● Your instructions:
Output all entries verbatim.
*** Opening of Records supplied ***
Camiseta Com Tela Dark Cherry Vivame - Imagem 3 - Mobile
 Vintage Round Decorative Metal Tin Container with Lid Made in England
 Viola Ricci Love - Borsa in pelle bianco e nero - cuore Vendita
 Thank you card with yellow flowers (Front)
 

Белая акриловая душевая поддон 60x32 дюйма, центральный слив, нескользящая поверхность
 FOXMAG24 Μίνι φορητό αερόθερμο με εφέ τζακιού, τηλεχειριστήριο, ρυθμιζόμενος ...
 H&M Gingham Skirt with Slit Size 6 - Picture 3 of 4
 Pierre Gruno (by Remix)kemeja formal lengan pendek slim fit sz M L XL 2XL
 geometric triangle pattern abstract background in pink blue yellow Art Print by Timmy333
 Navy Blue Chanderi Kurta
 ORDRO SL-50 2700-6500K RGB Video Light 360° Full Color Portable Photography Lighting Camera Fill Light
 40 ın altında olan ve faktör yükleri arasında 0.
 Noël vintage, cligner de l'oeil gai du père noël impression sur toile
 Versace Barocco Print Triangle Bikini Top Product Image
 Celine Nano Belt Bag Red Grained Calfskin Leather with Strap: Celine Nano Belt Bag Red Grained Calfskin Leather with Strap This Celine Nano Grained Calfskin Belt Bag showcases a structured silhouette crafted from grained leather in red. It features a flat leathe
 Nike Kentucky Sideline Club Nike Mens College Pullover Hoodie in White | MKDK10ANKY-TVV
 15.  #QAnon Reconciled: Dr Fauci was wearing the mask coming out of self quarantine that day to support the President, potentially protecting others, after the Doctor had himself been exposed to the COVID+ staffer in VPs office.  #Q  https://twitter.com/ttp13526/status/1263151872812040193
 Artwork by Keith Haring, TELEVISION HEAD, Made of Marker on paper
*** Close of Records supplied ***
● Written response:
Camiseta Com Tela Dark Cherry Vivame - Imagem 3 - Mobile
 Vintage Round Decorative Metal Tin Container with Lid Made in England
 Viola Ricci Love - Borsa in pelle bianco e nero - cuore Vendita
 Thank you card with yellow flowers (Front)
 

Белая акриловая душевая поддон 60x32 дюйма, центральный слив, нескользящая поверхность
 FOXMAG24 Μίνι φορητό αερόθερμο με εφέ τζακιού, τηλεχειριστήριο, ρυθμιζόμενος ...
 H&M Gingham Skirt with Slit Size 6 - Picture 3 of 4
 Pierre Gruno (by Remix)kemeja formal lengan pendek slim fit sz M L XL 2XL
 geometric triangle pattern abstract background in pink blue yellow Art Print by Timmy333
 Navy Blue Chanderi Kurta
 ORDRO SL-50 2700-6500K RGB Video Light 360° Full Color Portable Photography Lighting Camera Fill Light
 40 ın altında olan ve faktör yükleri arasında 0.
 Noël vintage, cligner de l'oeil gai du père noël impression sur toile
 Versace Barocco Print Triangle Bikini Top Product Image
 Celine Nano Belt Bag Red Grained Calfskin Leather with Strap: Celine Nano Belt Bag Red Grained Calfskin Leather with Strap This Celine Nano Grained Calfskin Belt Bag showcases a structured silhouette crafted from grained leather in red. It features a flat leathe
 Nike Kentucky Sideline Club Nike Mens College Pullover Hoodie in White | MKDK10ANKY-TVV
 15.  #QAnon Reconciled: Dr Fauci was wearing the mask coming out of self quarantine that day to support the President, potentially protecting others, after the Doctor had himself been exposed to the COVID+ staffer in VPs office.  #Q  https://twitter.com/ttp13526/status/1263151872812040193
 Artwork by Keith Haring, TELEVISION HEAD, Made of Marker on paper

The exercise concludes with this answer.